Der perfekte Soundtrack für 2026

Lesezeit: 2 min.

2025 war kein gutes Jahr. Etliche klimawandelbedingte Naturkatastrophen, Krieg da, Krieg dort, Donald Trump wird Präsident und zu allem Überfluss Friedrich Merz auch noch Bundeskanzler…..man spürt den Untergang näher und näher kommen. Da hilft nur noch der Rückzug ins Private! Leck mich am Arsch, Welt! Und 400 Lonely Things hat den perfekten Soundtrack dazu veröffentlicht! Oder vielmehr die perfekten Soundtracks, denn es sind gleich zwei neue Alben erschienen! Und es handelt sich sogar um Doppelalben! Soll heißen: Rund fünf Stunden neue Musik!

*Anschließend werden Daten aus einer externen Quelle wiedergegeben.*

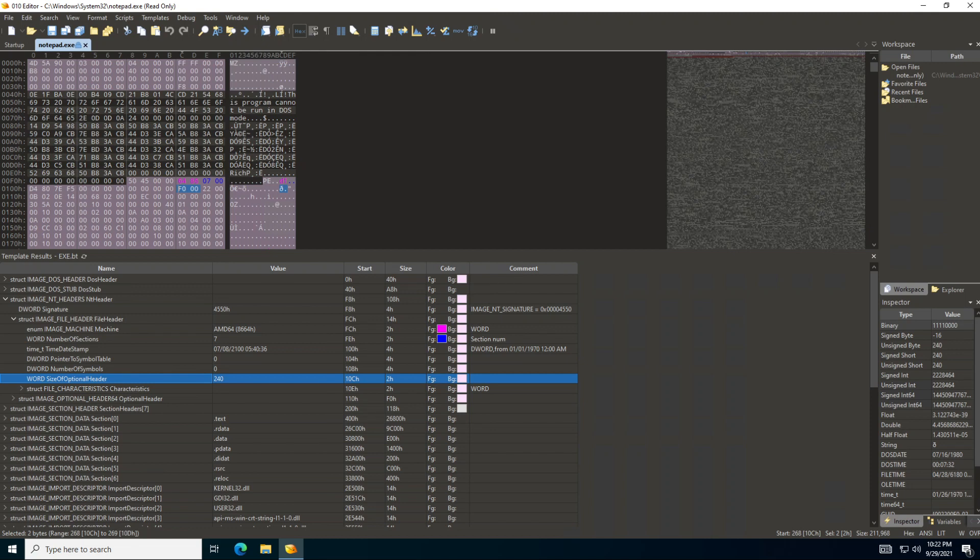Hello again, and let's continue our exploration of the portable executable file using the 010 editor. This is going to be a couple of videos, so it's not going to be covered in just one of them.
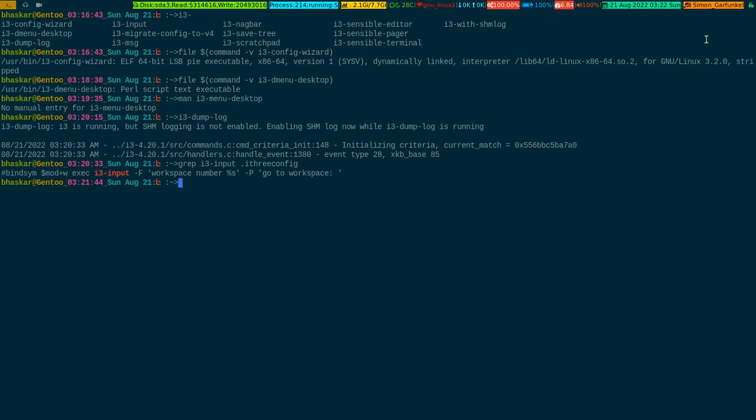i3-migrate-config-to-v4 — I haven't used it, but as the name suggests it probably moves the old i3 config into a version 4 config. I like the naming that Michael chose — it's very explicit.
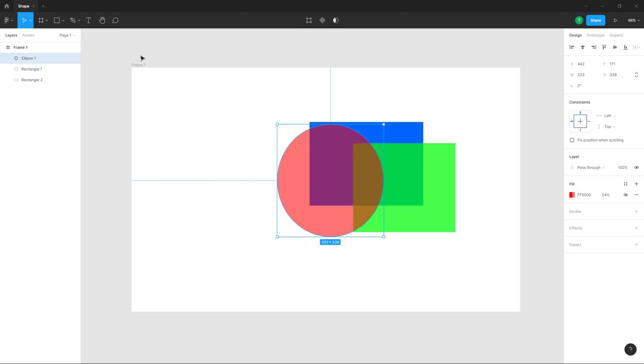That is how you work with opacity and layer order inside Figma. If you learned something, please like, comment, share, and subscribe.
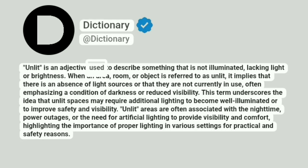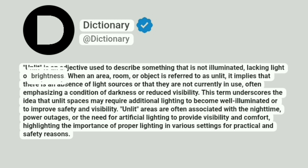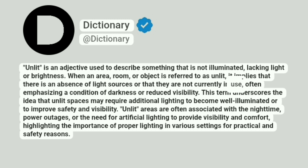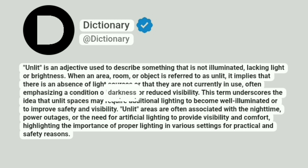Unlit is an adjective used to describe something that is not illuminated, lacking light or brightness. When an area, room, or object is referred to as unlit, it implies that there is an absence of light sources or that they are not currently in use, often emphasizing a condition of darkness or reduced visibility.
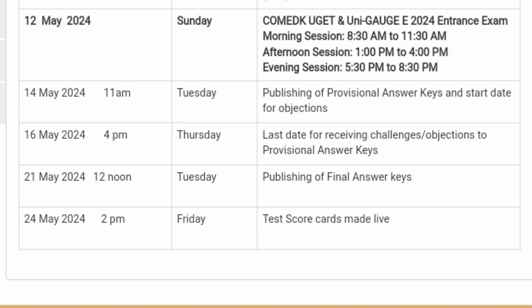Hello friends, good morning, good afternoon, good evening. This video is about the important upcoming dates for different activities. The exam is now over — it concluded on 12th May yesterday across three sessions.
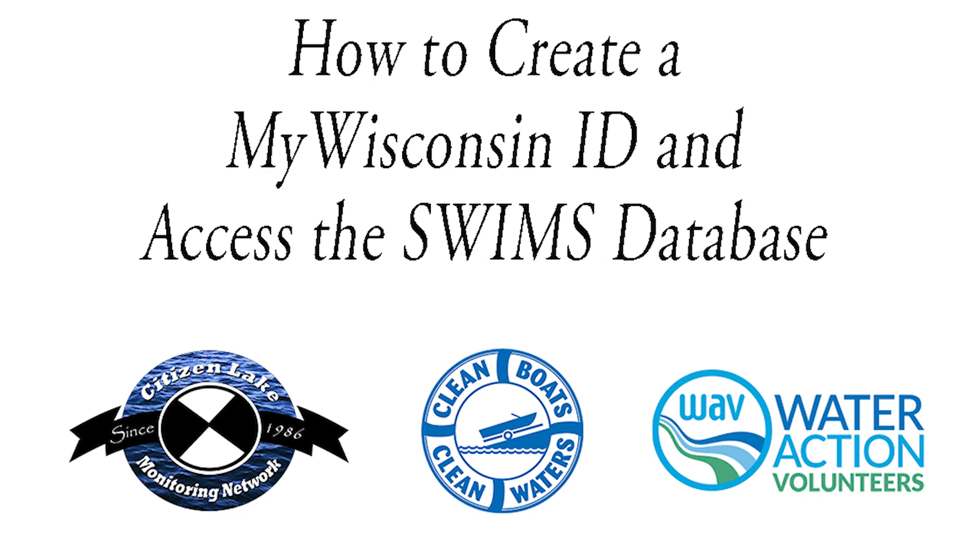In order to access the DNR SWIMS database, you'll need to create a MyWisconsinID. This process only needs to happen once.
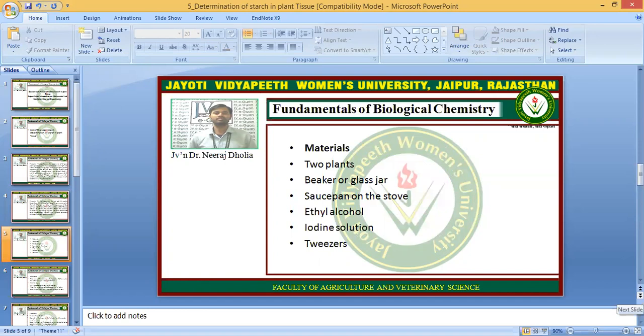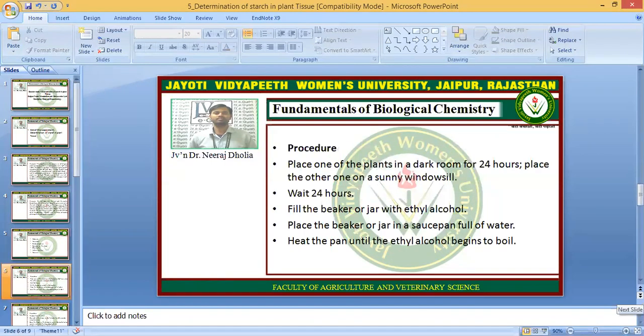So we need two plants, beakers, a glass jar, a saucepan on the stove, ethyl alcohol, iodine solution, and tweezers.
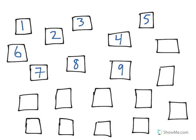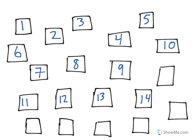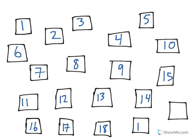nine, ten, eleven, twelve, thirteen, fourteen, fifteen, sixteen, seventeen, eighteen, nineteen, twenty.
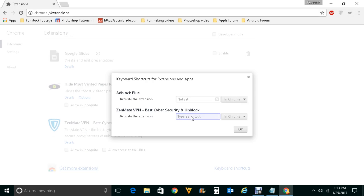Then I will use a shortcut key using the keyboard. I will press Control and One. So Control and One will be the shortcut key for Genmate. That means if I press Control and One numeric value together then it should activate Genmate.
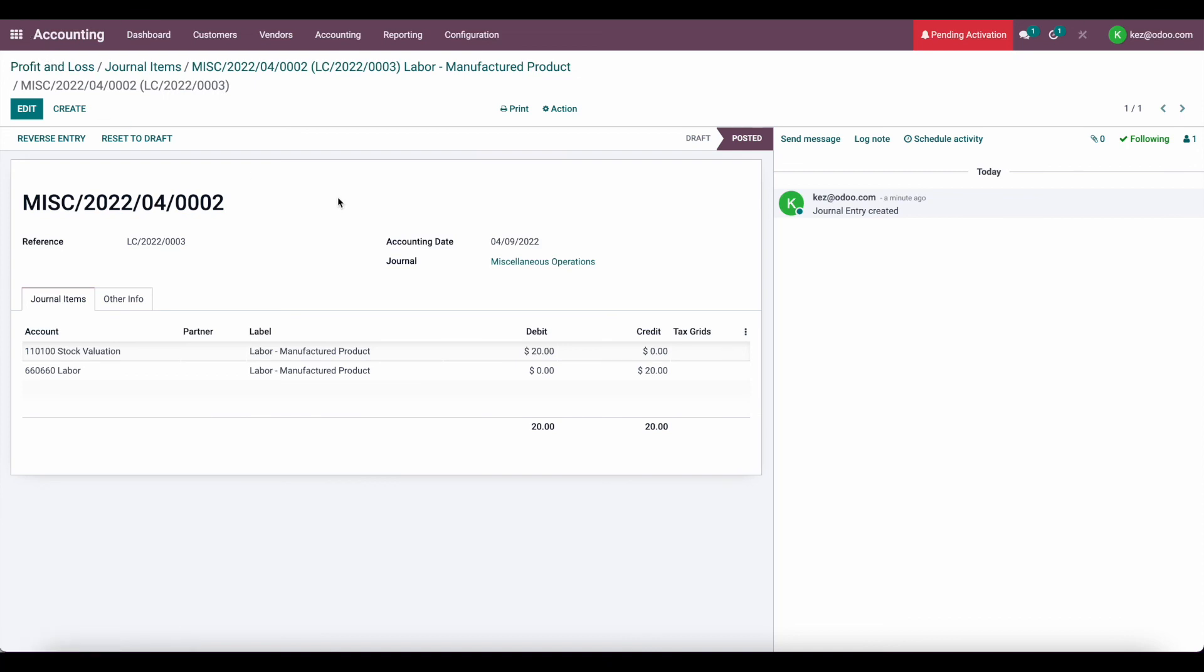So that is all you have to do to apply a landed cost to a manufactured product and accurately account for your labor, overhead, and whatever else you want to account for.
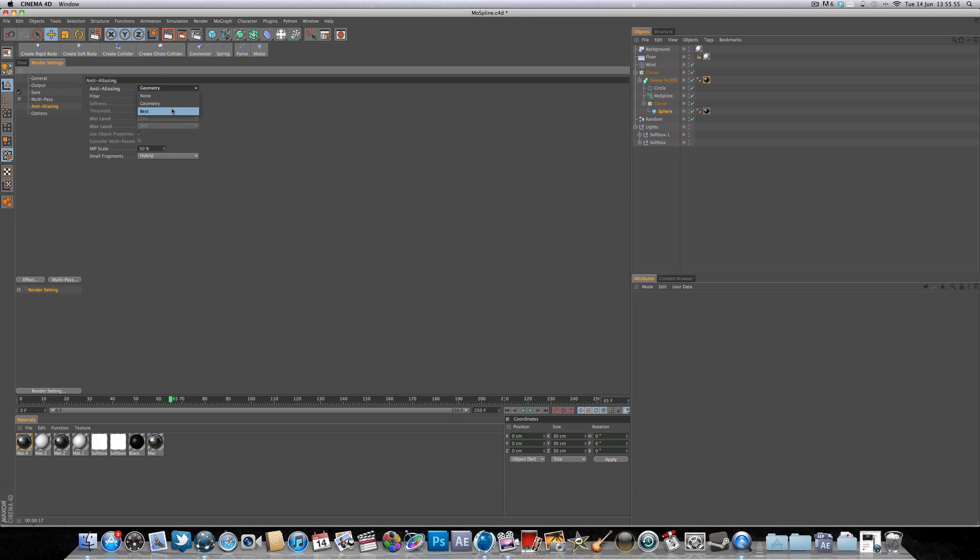So now that we've got our texture done, our seamless background done, the lighting done, all that's left now is to turn anti-aliasing from none or geometry to best, and minimum level 1x1, maximum 2x2.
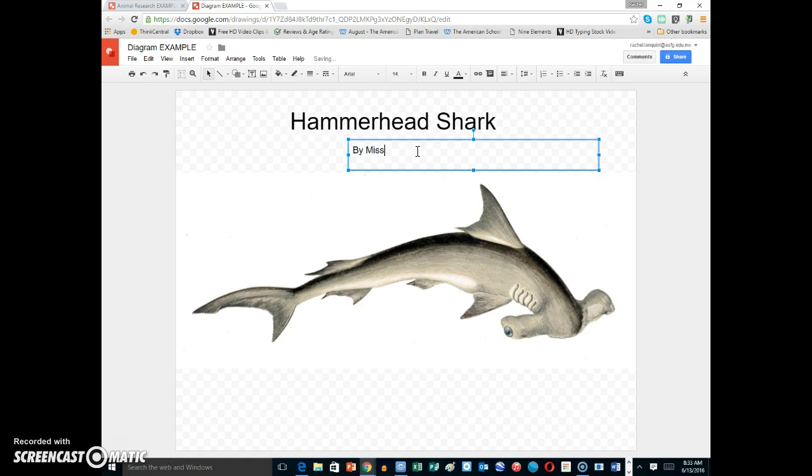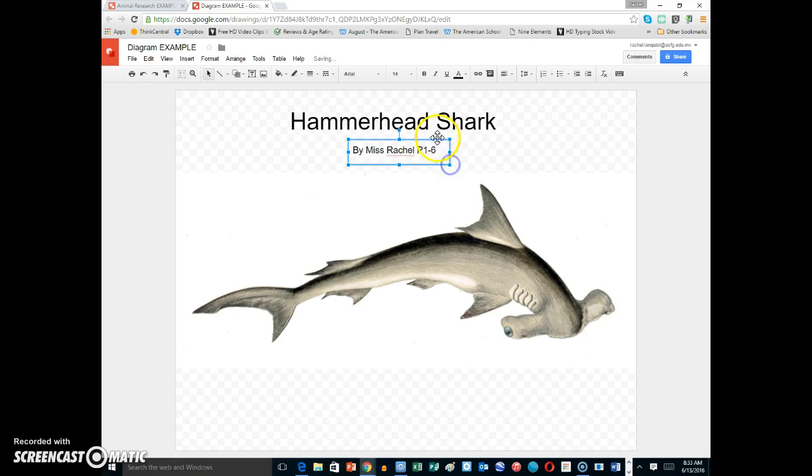By Miss Rachel. And you can put the name of your class, P16, or whichever classroom you are in.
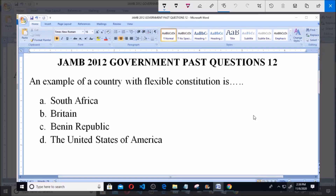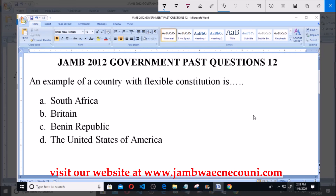Welcome, this is Jam here. 2012 government past question, question number 12. The question says: an example of a country with a flexible constitution is dash.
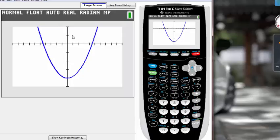And yes, so that's how you use the window key on your calculator. You can customize your window screen to get a better view of your graph. So thanks for watching guys, I'll see you guys next time, thanks.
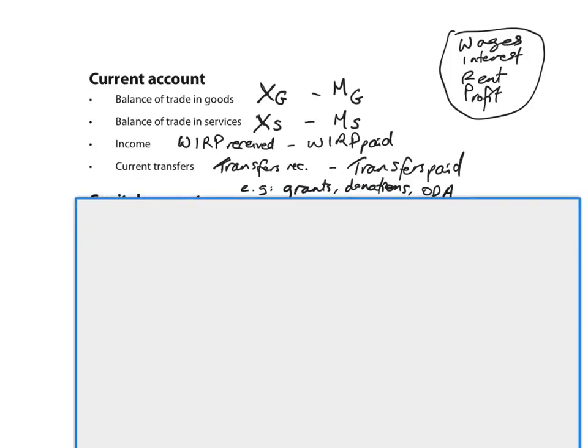These are the four components of the current account. The balance of trade in goods, the balance of trade in services,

Craig Varian, der nach dem Tod seines Partners Jonathan McCall im Jahr 2020 alleine tätig ist, bezeichnet 400 Lonely Things als „Dark New Age for the New Dark Age“ und das ist nicht untertrieben. Düster, gespenstisch, melancholisch sind Adjektive, die einem bereits nach wenigen Minuten in den Sinn kommen, aber die schwer so wirklich greifbare Musik ist ebenso dynamisch und gelegentlich auf ganz schräge Art sogar catchy – man ist versucht das Dark-Ambient-Etikett zücken, aber da steckt ebenso Folk, Drone, Klassik, Prog Rock und Soundtrack (Hauptinspirationsquellen für seine Musik: Horror- und Science-Fiction-Filme) drin.

Jedenfalls ist der Output ungeheuer packend und mit der kommenden Doppel-Veröffentlichung hat sich Varian selbst übertroffen. Beide Alben sind stilistisch (natürlich) ähnlich, gehen aber in leicht unterschiedliche Richtungen. 

„Creature Comforts“ beschwört psychedelische Traumwelten voller unheilvoll in der Dunkelheit wippender Wälder, bei schummrigen Kerzenlicht abgehaltenen Messen oder Wanderungen an stürmischen Küsten herauf, bei „Why I Went Into The Woods“ liegt der Schwerpunkt eher auf Apokalypse und Horror. Wobei es zum Beispiel mit „Maybach“, das man fast schon als Gitarren-Pop bezeichnen kann, auch überraschende Ausflüge in freundlichere Gefilde gibt.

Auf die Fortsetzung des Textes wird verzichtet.